Task statement:
What lines below hold the string "Used"? Copy them all.

Records drawn from a dataset:
○ ○ ○
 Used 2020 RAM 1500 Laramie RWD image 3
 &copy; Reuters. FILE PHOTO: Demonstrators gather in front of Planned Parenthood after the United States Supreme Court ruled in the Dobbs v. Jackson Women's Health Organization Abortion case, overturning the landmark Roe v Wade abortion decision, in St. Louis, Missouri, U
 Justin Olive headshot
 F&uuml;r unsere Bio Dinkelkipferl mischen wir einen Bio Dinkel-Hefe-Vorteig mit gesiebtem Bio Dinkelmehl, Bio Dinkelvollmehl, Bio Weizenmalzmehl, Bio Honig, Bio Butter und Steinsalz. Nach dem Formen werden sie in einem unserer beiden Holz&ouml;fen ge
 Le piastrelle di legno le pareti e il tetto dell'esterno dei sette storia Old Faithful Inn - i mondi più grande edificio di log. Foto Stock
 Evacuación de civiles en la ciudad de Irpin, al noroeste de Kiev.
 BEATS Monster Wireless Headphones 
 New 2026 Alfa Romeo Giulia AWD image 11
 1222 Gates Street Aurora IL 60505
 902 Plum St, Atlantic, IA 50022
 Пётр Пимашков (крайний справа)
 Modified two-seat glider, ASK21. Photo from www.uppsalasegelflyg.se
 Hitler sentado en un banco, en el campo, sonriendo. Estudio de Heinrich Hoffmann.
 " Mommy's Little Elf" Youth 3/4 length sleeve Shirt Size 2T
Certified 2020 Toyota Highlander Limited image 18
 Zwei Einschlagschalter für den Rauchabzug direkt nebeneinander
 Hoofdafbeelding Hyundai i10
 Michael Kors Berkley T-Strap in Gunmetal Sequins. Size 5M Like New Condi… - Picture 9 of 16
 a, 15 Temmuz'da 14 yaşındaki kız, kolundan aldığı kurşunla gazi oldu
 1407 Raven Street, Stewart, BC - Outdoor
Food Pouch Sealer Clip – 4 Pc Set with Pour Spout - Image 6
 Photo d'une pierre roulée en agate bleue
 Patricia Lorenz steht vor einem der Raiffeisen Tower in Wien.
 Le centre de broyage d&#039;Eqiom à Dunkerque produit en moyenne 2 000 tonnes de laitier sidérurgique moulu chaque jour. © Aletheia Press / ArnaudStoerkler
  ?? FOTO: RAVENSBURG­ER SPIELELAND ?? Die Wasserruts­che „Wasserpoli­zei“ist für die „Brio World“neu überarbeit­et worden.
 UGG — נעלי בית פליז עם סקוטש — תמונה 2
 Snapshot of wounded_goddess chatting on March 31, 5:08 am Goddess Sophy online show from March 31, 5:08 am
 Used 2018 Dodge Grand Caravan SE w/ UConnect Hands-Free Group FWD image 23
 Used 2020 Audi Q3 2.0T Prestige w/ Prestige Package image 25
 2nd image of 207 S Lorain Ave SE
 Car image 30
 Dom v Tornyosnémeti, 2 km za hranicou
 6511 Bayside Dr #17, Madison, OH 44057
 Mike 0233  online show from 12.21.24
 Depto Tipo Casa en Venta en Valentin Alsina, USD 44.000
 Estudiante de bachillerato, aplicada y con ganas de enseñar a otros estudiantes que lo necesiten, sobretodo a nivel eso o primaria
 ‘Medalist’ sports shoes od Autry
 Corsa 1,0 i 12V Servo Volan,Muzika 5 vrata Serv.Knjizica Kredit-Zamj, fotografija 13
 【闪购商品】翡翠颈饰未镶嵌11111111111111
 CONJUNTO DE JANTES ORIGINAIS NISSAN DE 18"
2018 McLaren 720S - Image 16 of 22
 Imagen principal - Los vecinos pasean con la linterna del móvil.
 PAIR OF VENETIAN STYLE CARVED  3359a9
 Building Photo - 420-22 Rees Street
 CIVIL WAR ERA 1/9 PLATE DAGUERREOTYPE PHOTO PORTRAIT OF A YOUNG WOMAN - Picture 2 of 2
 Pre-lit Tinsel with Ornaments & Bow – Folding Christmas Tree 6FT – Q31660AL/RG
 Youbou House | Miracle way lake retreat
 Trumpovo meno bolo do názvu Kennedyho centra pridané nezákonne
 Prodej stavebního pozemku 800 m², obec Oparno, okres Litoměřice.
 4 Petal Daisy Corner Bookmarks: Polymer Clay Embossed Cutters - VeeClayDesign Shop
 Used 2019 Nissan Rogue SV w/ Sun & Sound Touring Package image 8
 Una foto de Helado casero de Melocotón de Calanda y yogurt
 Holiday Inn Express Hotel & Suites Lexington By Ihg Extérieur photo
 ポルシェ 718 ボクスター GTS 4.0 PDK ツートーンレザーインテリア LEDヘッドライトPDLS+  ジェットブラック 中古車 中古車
○ ○ ○
Solution to the problem:
 Used 2020 RAM 1500 Laramie RWD image 3
 Used 2018 Dodge Grand Caravan SE w/ UConnect Hands-Free Group FWD image 23
 Used 2020 Audi Q3 2.0T Prestige w/ Prestige Package image 25
 Used 2019 Nissan Rogue SV w/ Sun & Sound Touring Package image 8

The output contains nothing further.